US Central Command shot down four Iranian one-way attack drones targeting the Strait of Hormuz on June 5, then followed up by striking Iranian coastal surveillance radar sites on Goruk and Qeshm Island. The goal: degrade Iran’s ability to threaten maritime traffic through a waterway that handles roughly 20% of global oil flow.
Bitcoin didn’t take the news well. Prices dropped below $77K as traders scrambled to de-risk, with liquidations across leveraged crypto positions reaching into the hundreds of millions of dollars.
What happened in the Strait
Iran launched four one-way attack drones toward the strait. US Central Command intercepted all four before they could reach their targets.
The US response went beyond simple defense. Military strikes targeted Iranian coastal surveillance radar installations on Goruk and Qeshm Island, two locations that give Iran eyes on vessel traffic moving through the chokepoint.
Multiple drone and missile exchanges occurred throughout May 2026, building toward this latest escalation.
Crypto markets caught in the blast radius
Bitcoin dropped below $77K in the immediate aftermath of the strikes, with some reports indicating prices briefly touched below $73K during the most intense selling pressure.

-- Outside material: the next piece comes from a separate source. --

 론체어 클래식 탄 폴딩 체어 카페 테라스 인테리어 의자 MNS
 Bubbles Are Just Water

The liquidation numbers tell the more dramatic story. Leveraged positions across the crypto ecosystem got wiped out to the tune of $300 million to nearly $1 billion, depending on the timeframe measured.
The crypto-sanctions nexus
The US has seized approximately $1 billion in Iranian-linked crypto assets as part of sanctions enforcement efforts. Iranian entities have been exploring Bitcoin-settled maritime insurance platforms, essentially trying to build parallel financial infrastructure that can keep trade moving even under heavy sanctions.

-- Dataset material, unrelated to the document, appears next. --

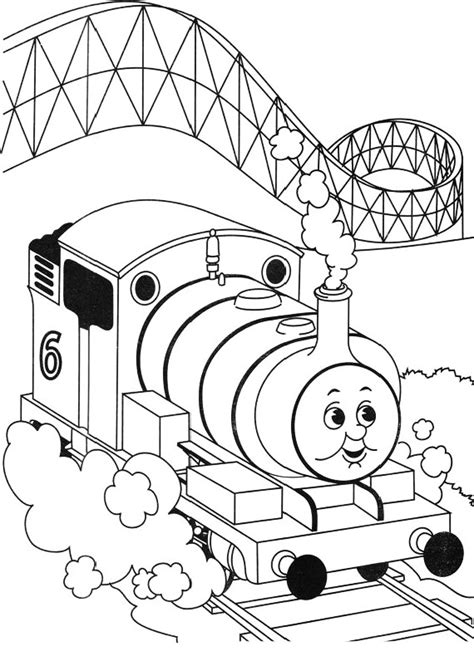 Dibujo de el tren Percy para colorear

What this means for investors
The oil-crypto correlation deserves attention. When Strait of Hormuz tensions push crude prices higher, the inflationary pressure that follows tends to weigh on risk assets broadly.
The sanctions enforcement angle introduces a different kind of risk. If the US government continues seizing Iranian-linked crypto at the scale it has been, that creates regulatory overhang for exchanges, DeFi protocols, and any infrastructure that might inadvertently process sanctioned funds.